• [Work request]
Copy the material below verbatim from the line with "A hand putting" to the line with "Slide: The Image", both lines included, omitting pictures and every line outside that range.

• [Records shown]
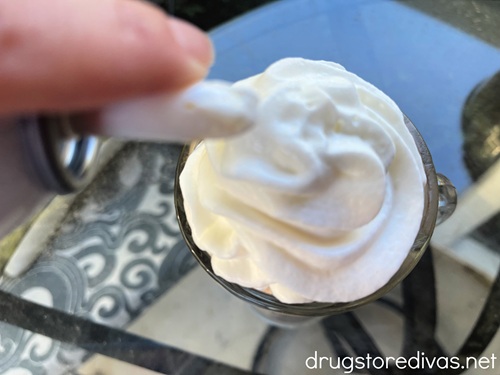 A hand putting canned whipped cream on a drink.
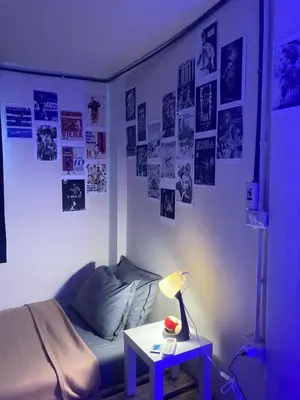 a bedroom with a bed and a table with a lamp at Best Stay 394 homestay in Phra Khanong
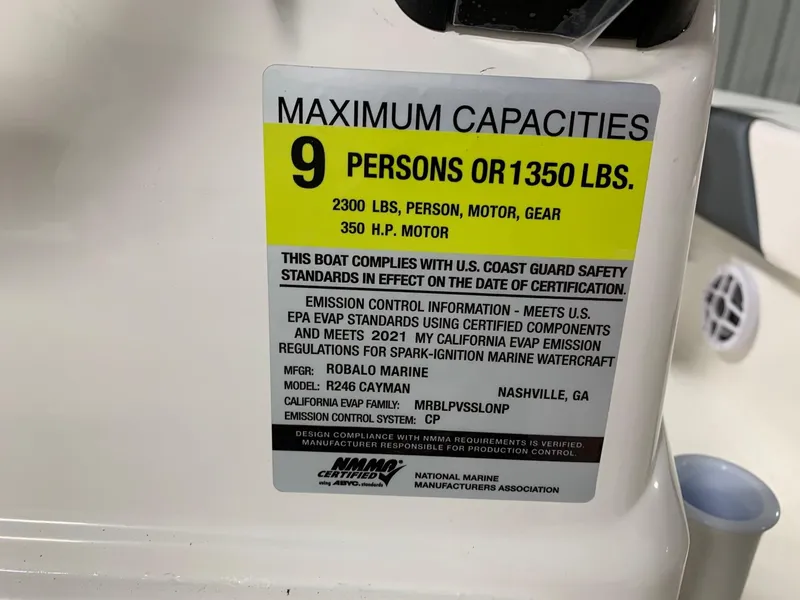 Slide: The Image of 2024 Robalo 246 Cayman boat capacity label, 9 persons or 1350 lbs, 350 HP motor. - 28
---
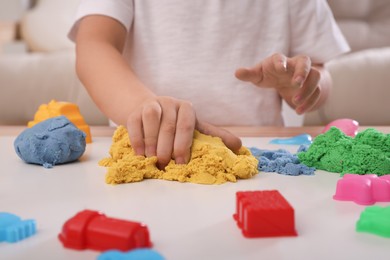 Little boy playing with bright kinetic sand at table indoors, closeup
--
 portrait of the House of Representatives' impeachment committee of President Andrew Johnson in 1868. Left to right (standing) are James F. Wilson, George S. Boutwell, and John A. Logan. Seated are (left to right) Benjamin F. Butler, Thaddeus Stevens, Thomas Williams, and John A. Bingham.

• [Exercise answer]
 A hand putting canned whipped cream on a drink.
 a bedroom with a bed and a table with a lamp at Best Stay 394 homestay in Phra Khanong
 Slide: The Image of 2024 Robalo 246 Cayman boat capacity label, 9 persons or 1350 lbs, 350 HP motor. - 28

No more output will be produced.